The Next 10 Years Will Be About “Market-Networks” - anacleto
https://www.nfx.com/post/10-years-about-market-networks
======
sajacy
Look - the next 10 years is all about card-circulators. It's actually a
combination of two things: Cards, which present business metadata such as
contact info and personalized notes, and a circulator, which efficiently
organizes and presents the best contact for any particular job _. We 're
branding it Rolodex, but really, there is a whole industry ready to break the
mold of traditional B2B.

_ the users will need to adjust to new ways of organizing and sorting, but
some power users already have proven the new model.

------
simonebrunozzi
The article is from 3 years ago.

It might be useful to know that since then, Honeybook raised a series C ($14M,
compared to a $22M B round) in June 2016 [0].

I see this as not necessarily a good sign of the health of the company (no
rounds for 2 years, and a smaller C round), but that's only a superficial
opinion of course.

This is not to discredit NFX's article or thesis, but just an FYI on the
specific company mentioned in the article.

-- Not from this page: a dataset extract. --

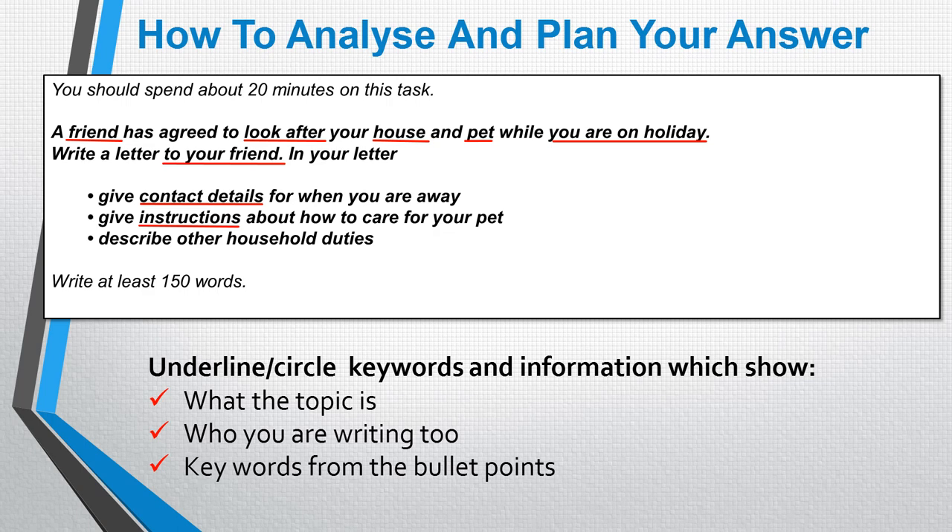Just try and make sure you've understood the question. Take a moment, have a breather, make sure you've understood the question and that you're nice and calm at this point of the writing process.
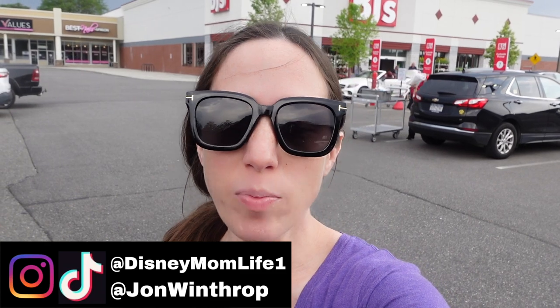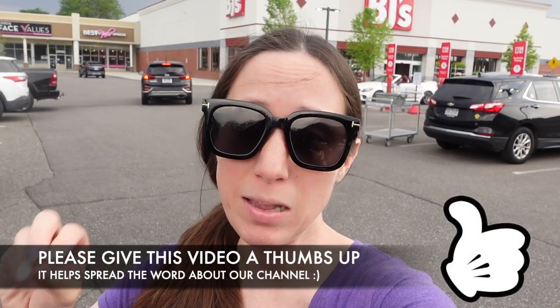Hey guys, it's KJ from Dizzy Mom Life. Welcome back! Today we are headed inside BJ's to see what they have new this month. If you guys are new to the channel, we do a ton of shop-with-me's. We do a lot of seasonal shop-with-me's and a lot of Disney content, so if you like any of those things, we'd love to have you subscribe and give this video a big thumbs up. Let's head inside BJ's!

[0]: [https://www.crunchbase.com/organization/honeybook#section-
fu...](https://www.crunchbase.com/organization/honeybook#section-funding-
rounds)

------
vm
Mods - please update title to show that this is from 2015.

Author says Honeybook Series B was "last month" \- it was Mar 2015
[https://www.crunchbase.com/organization/honeybook](https://www.crunchbase.com/organization/honeybook)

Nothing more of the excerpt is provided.